Asena Kınacı MORAL: “Ankara’ya Hoş Geldin Atam!”
HOŞ GELDİN ATAM
“Ankara, Ankara, güzel Ankara,
Seni görmek ister her bahtı kara,
Senden yardım umar her düşen dara,
Osmanlı Devleti Birinci Dünya Savaşı ile birlikte on yıldan fazla bir süre hiç durup dinlenmeden dünya devletleri ile dokuz ayrı cephede savaştı. Bu cephelerde düşmana karşı verdiği mücadeleleri kazanmasına rağmen Birinci Dünya Savaşına birlikte katıldığı müttefik devletler yenildiği için 30 Ekim 1918’de imzalanan Mondros Mütarekesi ile savaşı yenilmiş olarak bitirdi. Osmanlı Devleti ve dünya devletleri arasında imzalanan Mondros Mütarekesi sonrasında Anadolu düşmanlar tarafından işgal edilmeye başlandı. İstanbul ve güney illerimiz İngilizler ve Fransızlar ve İtalyanlar tarafından işgal edilirken İzmir de 15 Mayıs 1919 ‘da Yunanlılar tarafından işgal edildi. Mustafa Kemal İzmir’in işgalinden bir gün sonra 16 Mayıs 1919’da Bandırma Gemisi ile görevli olarak Samsun’a doğru yola çıkarken Türk milleti için zor ama aydınlık günler ufuktaydı.

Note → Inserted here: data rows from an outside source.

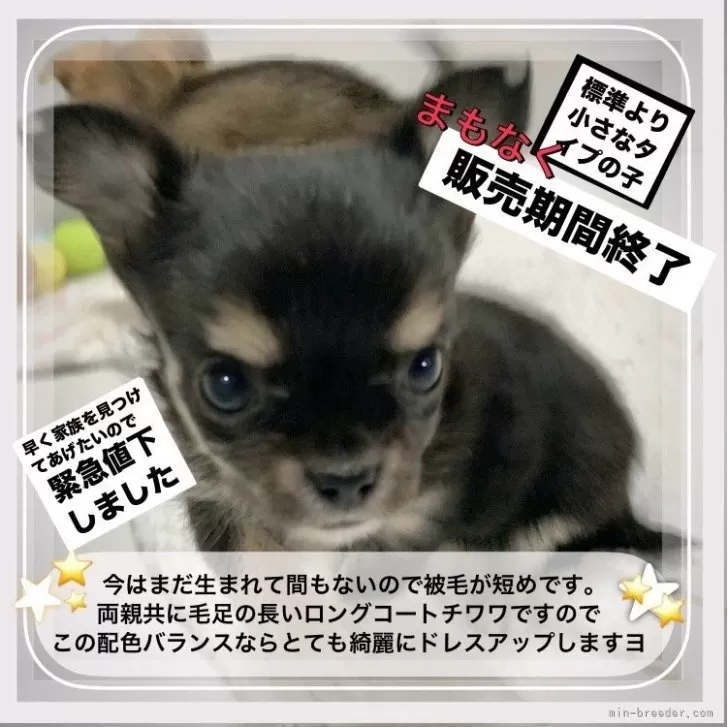 ID:2402-00237の子犬
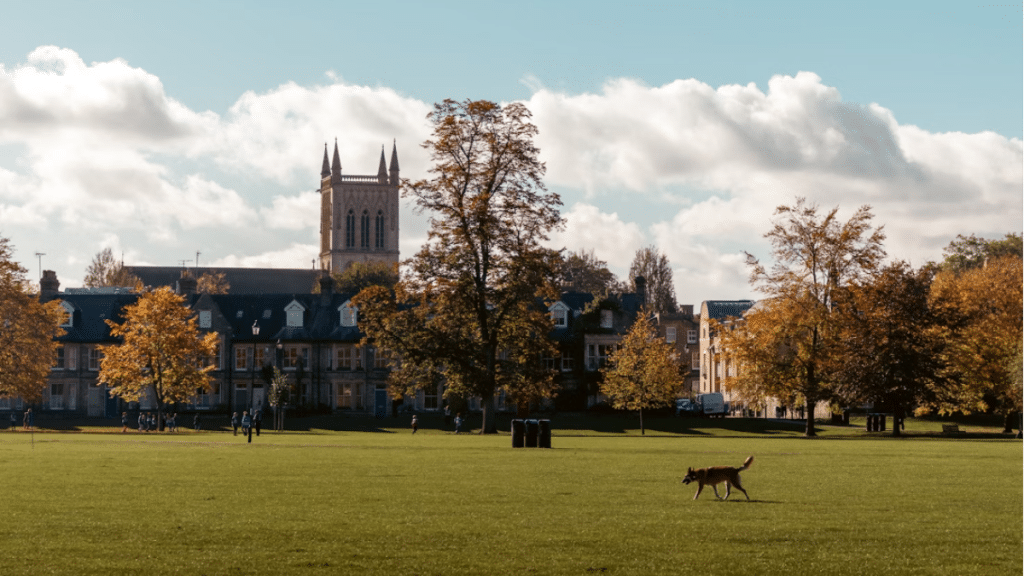 Top Sights to Explore During Your Cambridge Summer School Experience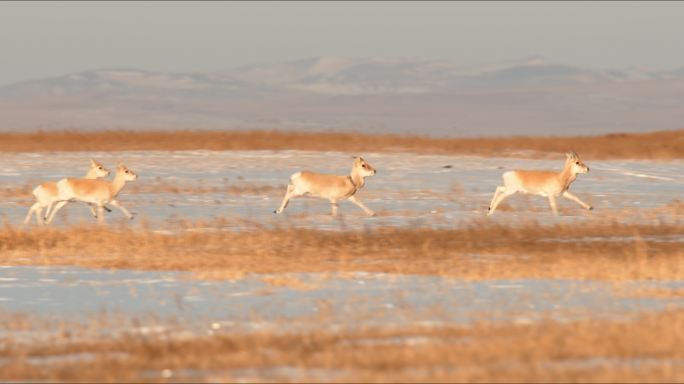 冬季内蒙草原上的黄羊（蒙原羚）奔跑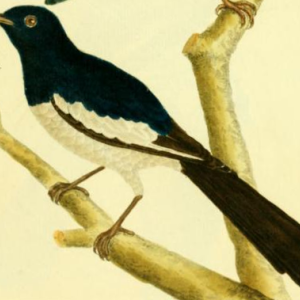 Magpie Robin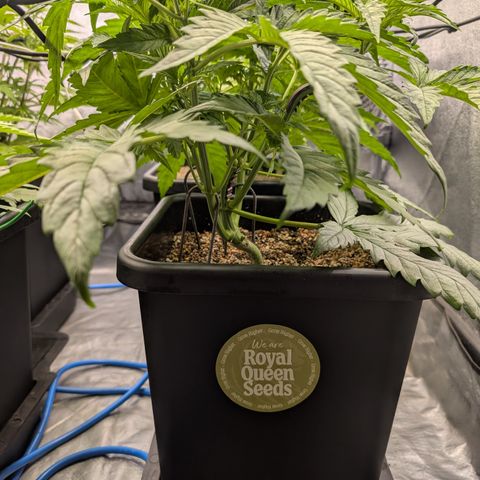 Gelato 44  growlog timeline photo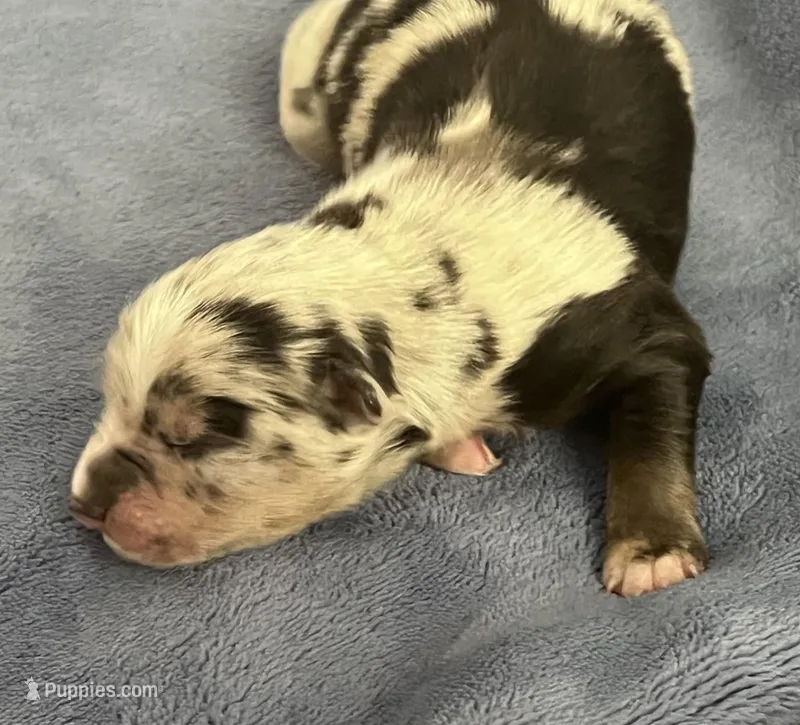 AKC Tug – Australian Shepherd puppy for sale in Toney, AL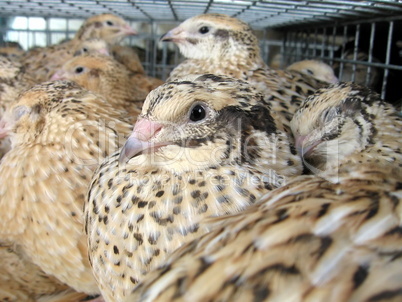 Quails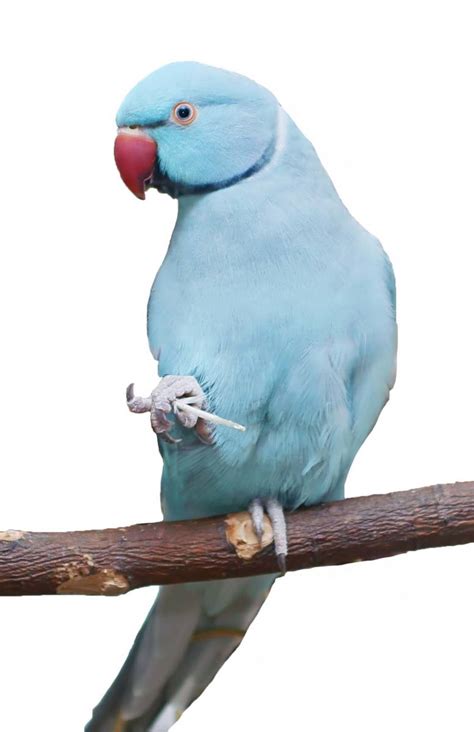 Blue Indian Ringneck Parrot The Animal Store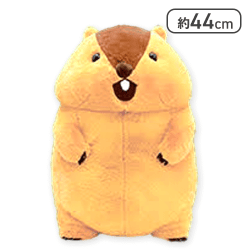 【アー太郎】マーモットのもっとっとウルトラBIG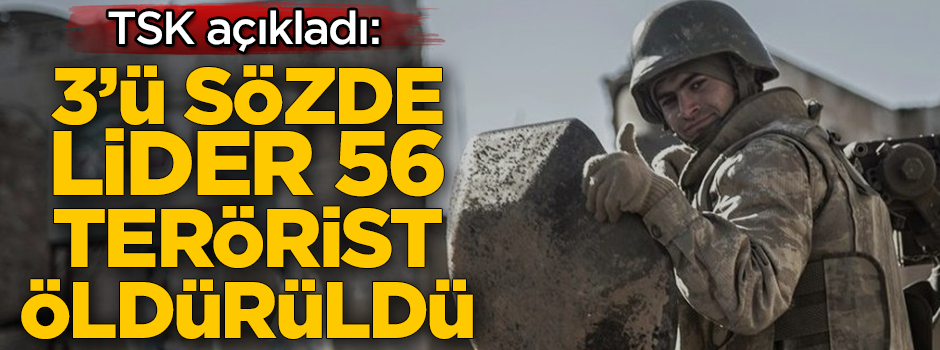 TSK'dan terör örgütü PKK'ya çok ağır darbe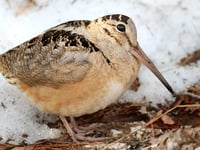 Petition to stop woodcock shooting signed by hundreds in Ceredigion  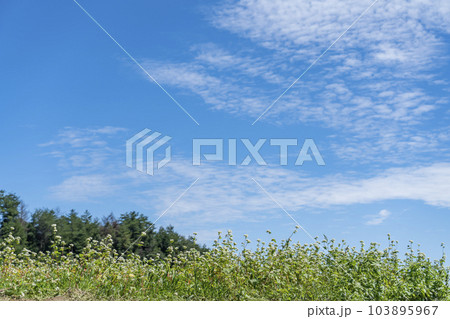 蕎麦畑と青い空 103895967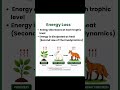 Energy Flow in an Ecosystem Explained | UGC NET EVS | MSc Environmental Science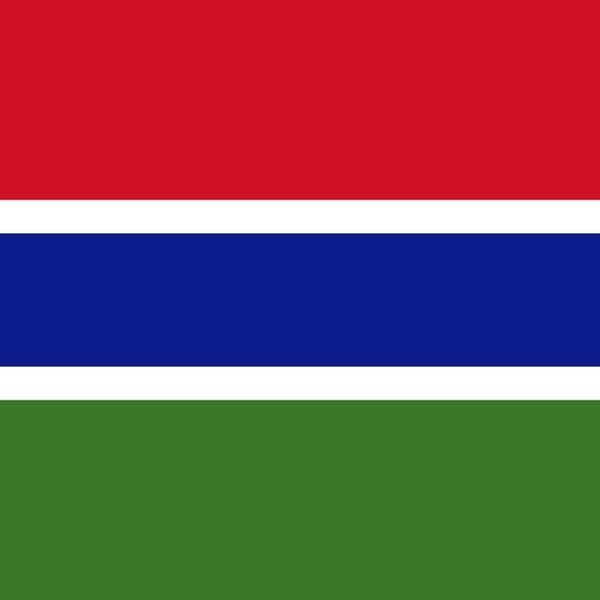 Gambia Presidential Election Winner - image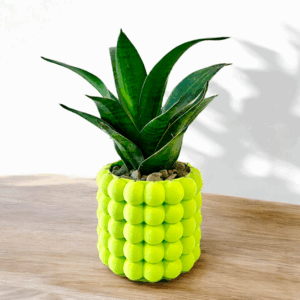 Snake in a Pineapple Pot
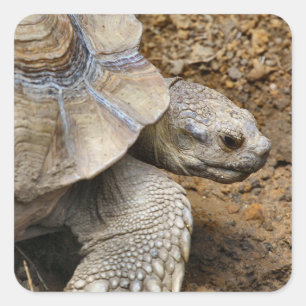 langsam quadratischer aufkleber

Osmanlı Devleti tarafından 9.Ordu Müfettişliği görevi ile 19 Mayıs 1919’da Samsun’a gelen Mustafa Kemal Samsun’da eşraf ile görüştü, istişarelerde bulundu. Burada halkın İzmir’in işgal edilişine verdiği tepkileri değerlendirdi. Türk milleti son nefese son damla kana kadar düşmana karşı mücadele edilmesi gerektiğini söylüyordu. Anadolu’da Türk milletinin bağımsızlık isteği vatan evlatlarını -Mustafa Kemal’i- göreve çağırıyordu. Bu nedenle Mustafa Kemal Osmanlı Devleti tarafından kendisine verilen devlet görevinden istifa ederek İstiklal yolunun yolcusu olmayı tercih etti. Mustafa Kemal ve yol arkadaşları tarafından düzenlenen ve “Milletin İstiklalini yine milletin azim ve kararı kurtaracaktır.” kararı alınan Amasya Genelgesi’nin yankıları sürerken kurtuluş mücadelesi yolunda Sivas Kongresi ve Erzurum Kongresi düzenlendi. Mustafa Kemal ve arkadaşları kongreler sonrası alınan kararlarla Türk milletinin gür sesi olup “Vatan bir bütündür, bölünemez!” diyerek yeni bir Türk Devleti kurulacağını müjdelediler.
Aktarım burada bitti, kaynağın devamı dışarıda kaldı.